A. Lange & Söhne Datograph
We begin the article with a timepiece that changed modern chronographs: A. Lange & Söhne Datograph.
When the Datograph was launched in 1999, it took the entire industry by surprise. Here, as a relatively young brand (since its revival in the 90s), A. Lange & Söhne made its mark by creating an all-new movement – with the chronograph complication – from scratch. This was in a period whereby most top manufacturers were using ebauches, and that there were no new in-house chronograph movements produced for a long time.
Typical of all A. Lange & Söhne watches, the movement is one of the highlights of its watches. The finishing here is impeccable, with all the fine techniques present. In addition, as with all of the movements from this Glashütte-based manufacturer, it comes with a hand-engraved balance cock.
And the best of all? The legendary Philippe Dufour claimed that it is the only watch he had bought, in retail, with his own money. That is surely a praise of the highest level indeed, and that is coming for a watchmaker who is highly regarded by some as the best in the industry.
AkriviA Chronomètre Contemporain
Rexhep Rexhepi is probably not a familiar name for anyone who is not well-versed in the scene of independent watchmaking, but this gentleman is a rather special talent. Touted as one of the most talented watchmakers in the industry today by Kari Voutilainen, the claims are certainly proven in full transparency with his exemplary creations.
The AkriviA Chronomètre Contemporain is one of the watchmaker’s latest collections, signed off in the name of the craftsman himself. The 38mm timepiece is a neoclassical interpretation of the wrist watch, with a nuanced but graceful design that features plenty of sensual curves all around. The art deco dial – which is made of grand feu enamel – is rather pretty as well, especially with its contrasting scheme against the case material (black/gold on rose gold, or white/blue on platinum).

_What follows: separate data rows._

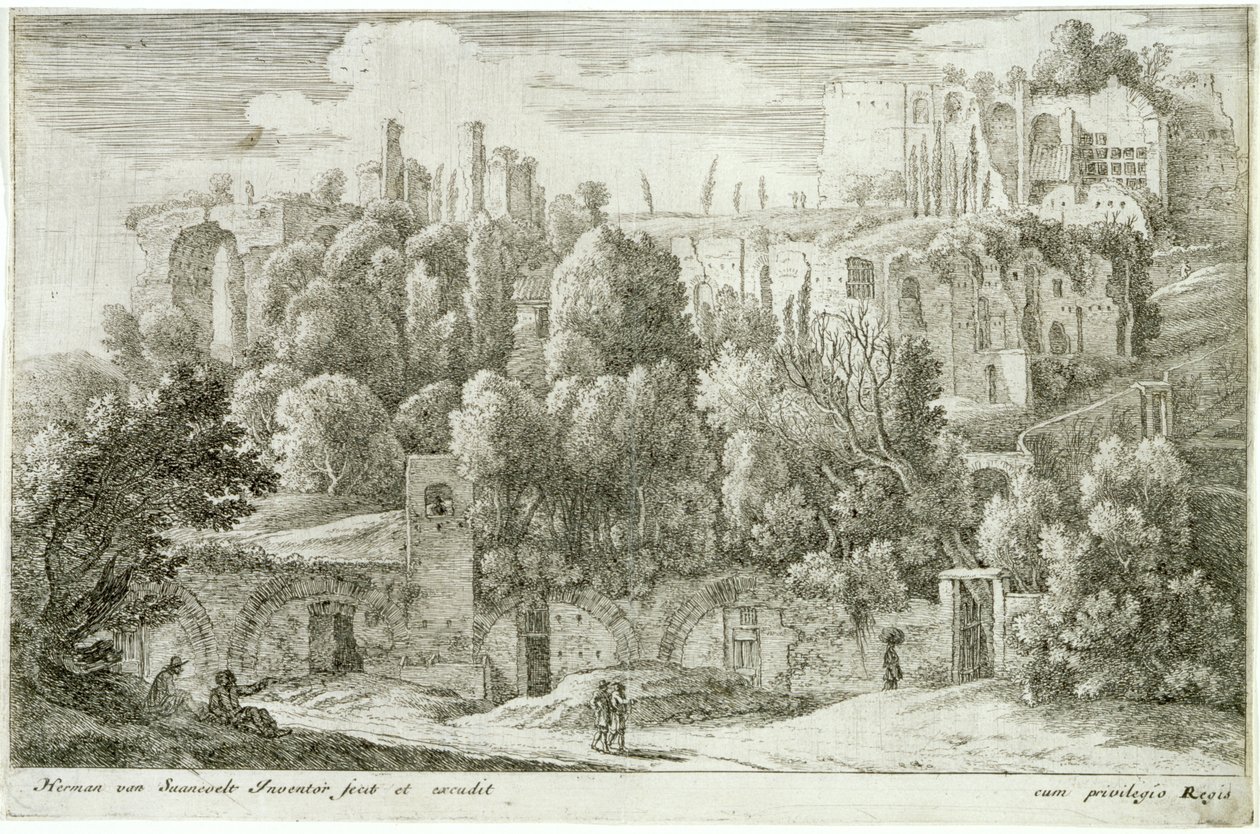 Rovine antiche di un anfiteatro da Herman van Swanevelt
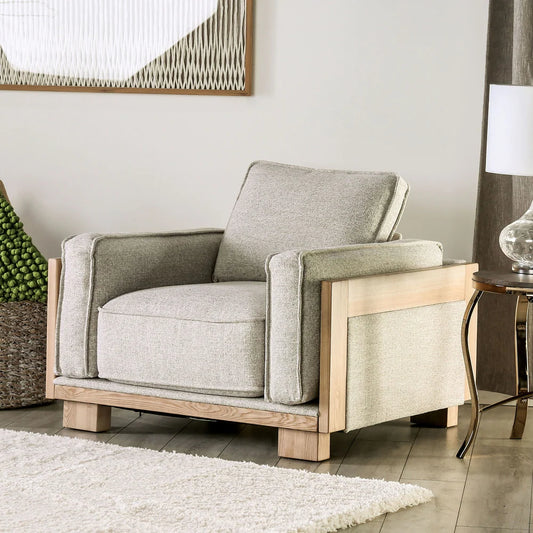 Harstad Contemporary Chenille & Wood Trimmed Living Room Chair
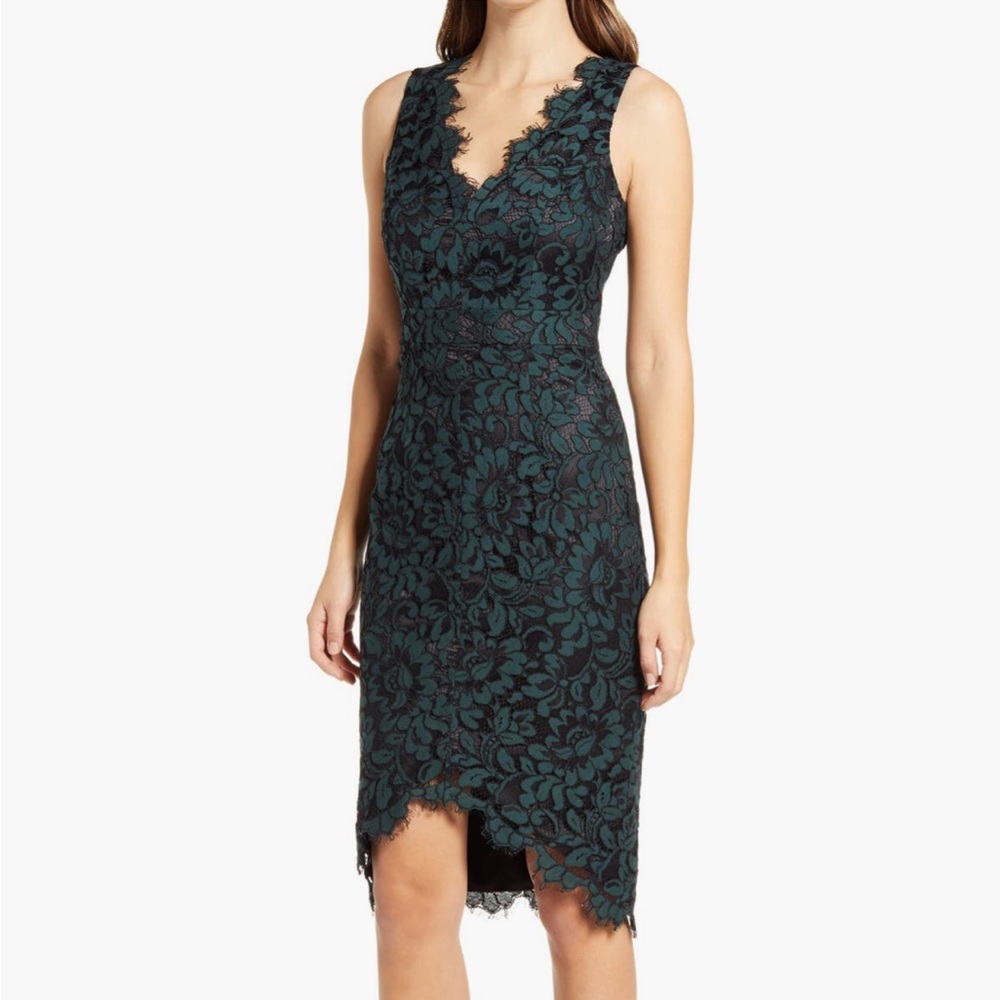 NWT Eliza J (Size 14) Tulip Hem Lace Cocktail Dress in Hunter Green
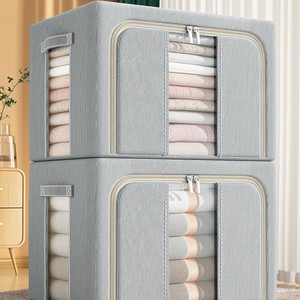 Folding <strong>Waterproof</strong> Durable Eco-Friendly Fabric Dishwasher Safe Stackable Zipper Transparent Clothing Organizer <strong>Storage</strong> <strong>Box</strong> Large - Product Image 6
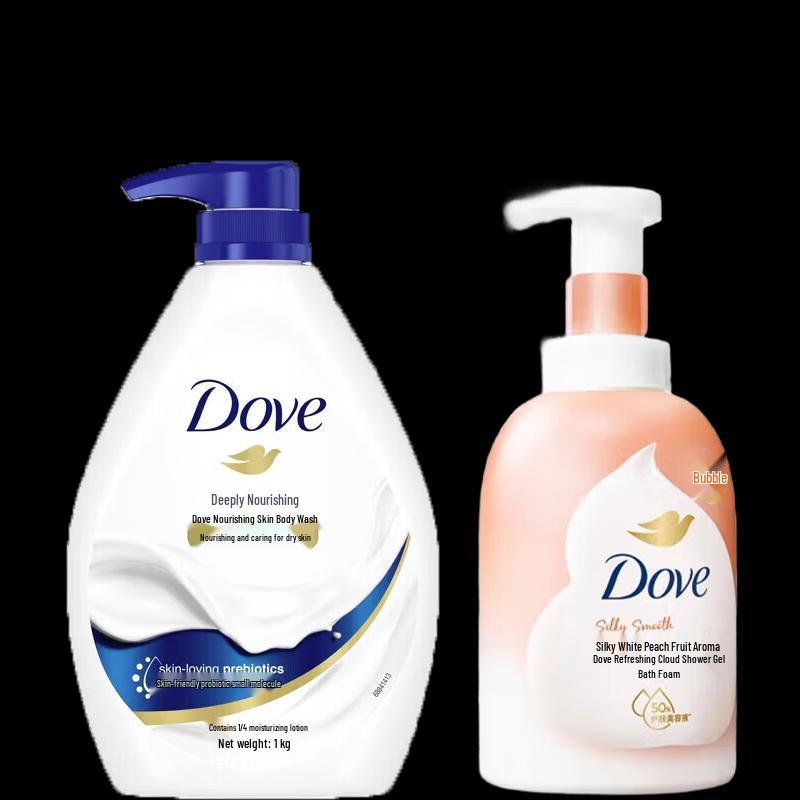 Dove White Peach Scented Bath Foam & Deeply Nourishing Body Wash Duo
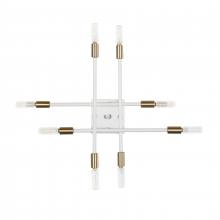  302-108/WHSG - Barcelona - 8 Light Semi-Flush in Matte White and Soft Gold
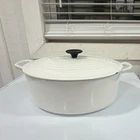 Creuset Signature 3.5QT Oval Enameled Cast Iron Casserole W/ Lid White Used. Price: $150.00.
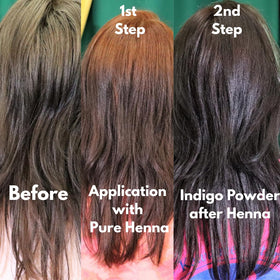 Close-up texture of indigo powder from The Henna Guys highlighting fine grind
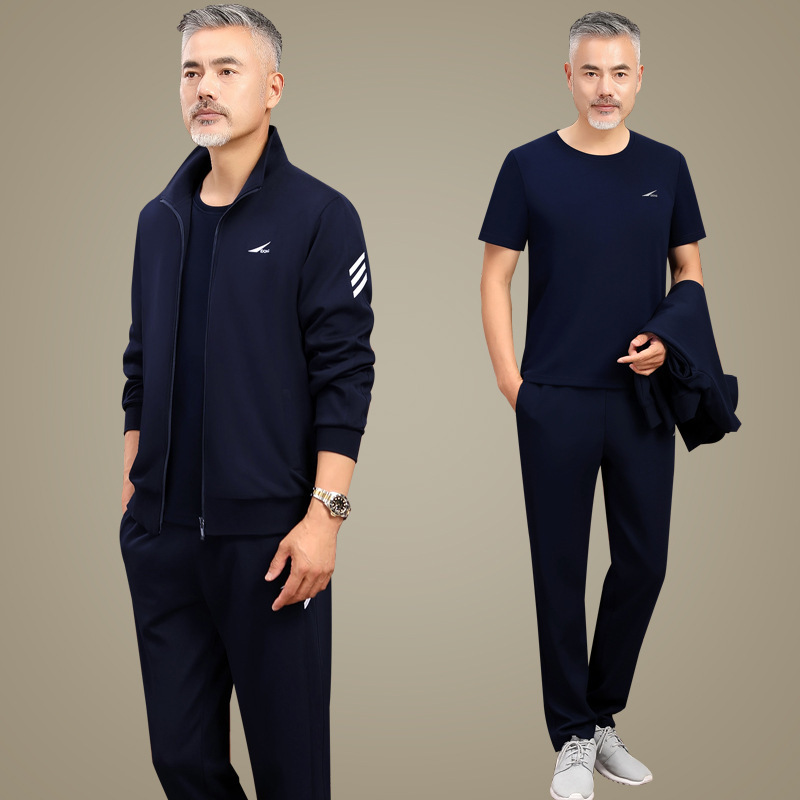 中高年スポーツスーツ男性春秋タイプカジュアルお父さんコート中年服秋ビッグサイズ3点セット|undefined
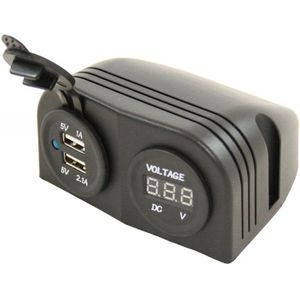 Power Line 2x USB stekker + Volt meter opbouw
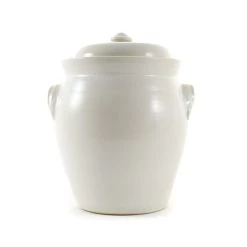 Sauerkraut Pots Vasetti Di Crauti Sauer Pentole Fatti A Mano Stoneware Fermentazione Crock In Bianco 4.5 Litre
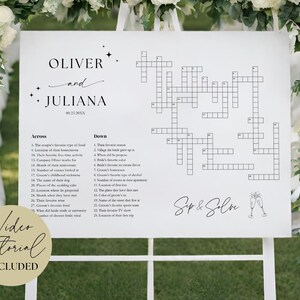 Puede incluir: Un letrero blanco con un crucigrama, con los nombres "Oliver y Juliana" y la fecha "00.21.20XX". El letrero incluye el texto "Sip & Solve" y "Video Tutorial Included".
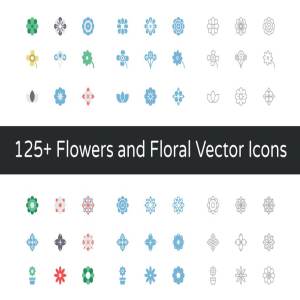 125+彩色几何矢量花卉小图标 125+ Flowers and Floral Vector Icons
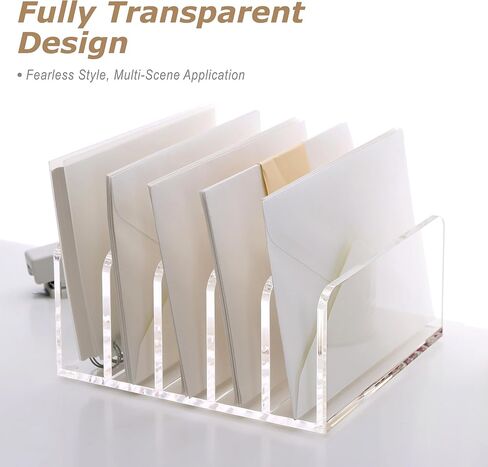 SANRUI Clear Desktop File Organizer, 5 Compartments Acrylic Office Document Sorter Mails Storage, Multifunction Letter Folder Racks Holders for Office,Home, School Desk Organization in Kuwait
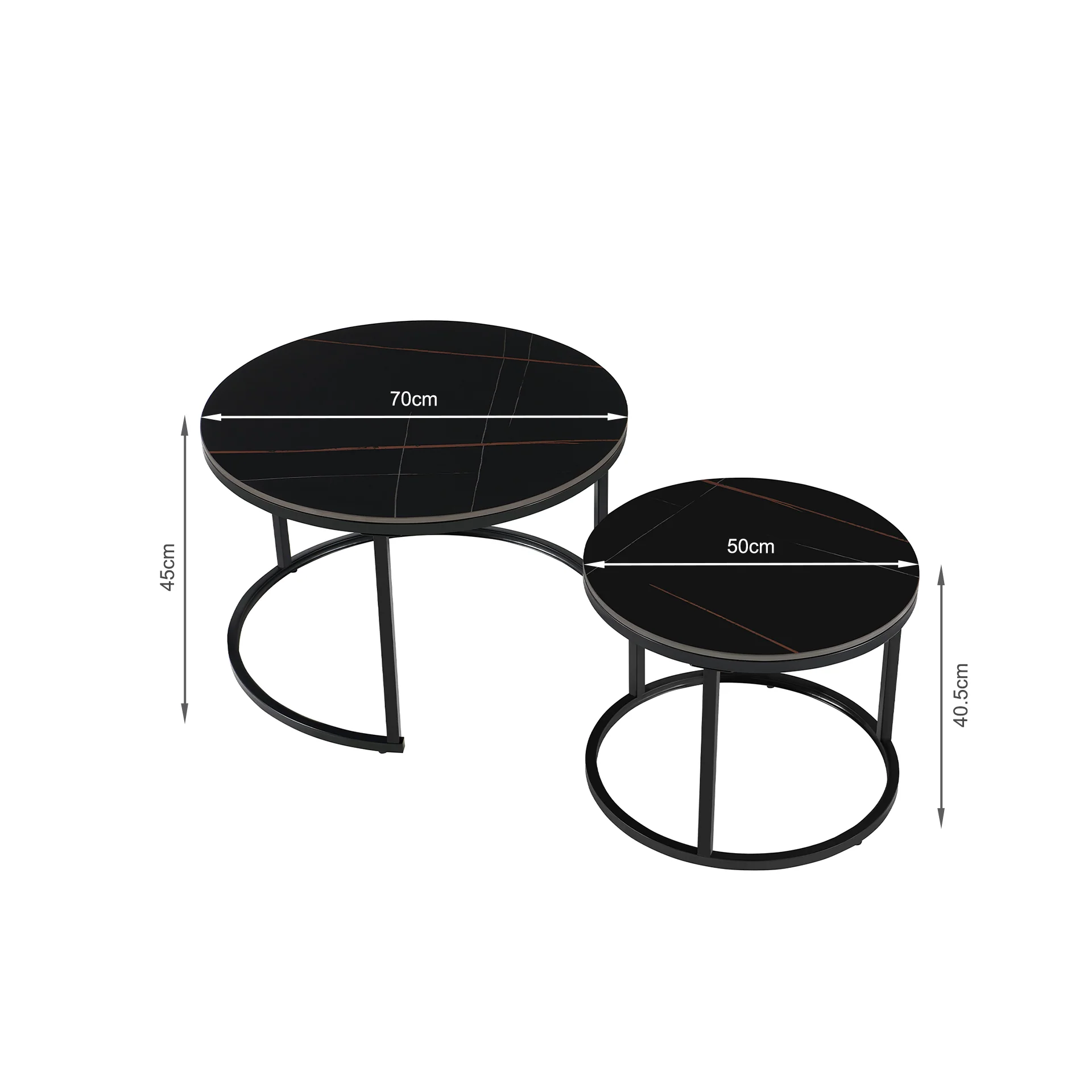 Aurelo 2pc Ceramic Coffee Table Side Table Set - Golden Black - Image 13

The movement, however, is where the watch really shines. Powering the timepiece is the in-house Caliber RR-01, a manual-winding movement which boasts a power reserve of around 100 hours with a single barrel. We are particularly intrigued by the symmetrical movement, which makes it a visual treat especially when the entire package is finished at such a level. For some, the attention to detail on the Chronomètre Contemporain is virtually at the top of its game – not dissimilar to the likes of Philippe Dufour or Kari Voutilainen.
As mentioned, the watch is available in rose gold (CHF 55,000, or approximately S$77,828) or platinum (CHF 58,000, or approximately S$82,073). This is amongst some of the very best in terms of finishing and execution, and Rexhep Rexhepi is surely a name to look out for in the field of independent watchmaking.
Credor Eichi II
For the longest time, the art of watchmaking has been dominated by the Swiss. Seiko wants to change the narrative altogether, with the introduction of the Credor Eichi II.
On paper, the Credor Eichi II seems like a simple piece. But this is where it gets interesting. The level of detail on the Eichi II is amazing, with immaculate touches all around. The flawless dial, for instance, is made of porcelain by Noritake – whose clients include the Japanese Imperial family. It is then painted by the artists at Seiko’s Micro Artisan Studio.
And then we get to the movement. The Caliber 7R14 is the pièce de résistance of this watch, with finishing techniques done at the highest level possible. These techniques include convex bevelling, engraving, flame-blued screws, anglage, and linear brush finishing. The movement may look simple, but the techniques and presence of sharp outward and inward angles showcases the dexterity and sublime craftsmanship of the watchmakers.
The 39mm Eichi II is priced at ¥4,300,000 (approximately S$46,395) for the platinum variation. We do love the purity of this piece, with the fine details being done at the highest level. If the Japanese are looking to prove a point, they have certainly achieved it with this piece.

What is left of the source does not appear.